Records from a data source:
□ □ □

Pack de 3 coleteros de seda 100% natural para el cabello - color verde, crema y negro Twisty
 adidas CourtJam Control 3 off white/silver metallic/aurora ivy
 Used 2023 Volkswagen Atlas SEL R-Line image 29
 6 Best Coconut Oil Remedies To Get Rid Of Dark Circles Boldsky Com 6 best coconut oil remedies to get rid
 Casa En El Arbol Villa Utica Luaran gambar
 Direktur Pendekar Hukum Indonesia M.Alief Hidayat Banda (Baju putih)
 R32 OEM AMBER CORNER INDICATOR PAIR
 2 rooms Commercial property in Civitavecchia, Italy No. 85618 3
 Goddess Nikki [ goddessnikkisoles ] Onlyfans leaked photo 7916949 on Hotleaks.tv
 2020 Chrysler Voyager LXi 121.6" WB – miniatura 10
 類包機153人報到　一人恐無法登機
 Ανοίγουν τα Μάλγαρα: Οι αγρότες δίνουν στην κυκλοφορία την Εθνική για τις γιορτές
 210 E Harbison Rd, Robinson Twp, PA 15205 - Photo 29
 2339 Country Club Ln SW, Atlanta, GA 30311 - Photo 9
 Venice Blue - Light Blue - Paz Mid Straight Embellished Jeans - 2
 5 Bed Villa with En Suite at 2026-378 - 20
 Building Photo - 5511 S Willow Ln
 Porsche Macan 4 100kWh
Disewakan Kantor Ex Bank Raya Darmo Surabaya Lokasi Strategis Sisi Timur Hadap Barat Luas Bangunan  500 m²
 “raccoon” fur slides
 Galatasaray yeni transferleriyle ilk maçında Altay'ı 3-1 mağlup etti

□ □ □

#### Your objective
When copying the data above, please keep exactly the lines from its first line through the line with "Casa En El Arbol Villa Utica Luaran gambar", both ends included, and drop the rest.

#### Task output
Pack de 3 coleteros de seda 100% natural para el cabello - color verde, crema y negro Twisty
 adidas CourtJam Control 3 off white/silver metallic/aurora ivy
 Used 2023 Volkswagen Atlas SEL R-Line image 29
 6 Best Coconut Oil Remedies To Get Rid Of Dark Circles Boldsky Com 6 best coconut oil remedies to get rid
 Casa En El Arbol Villa Utica Luaran gambar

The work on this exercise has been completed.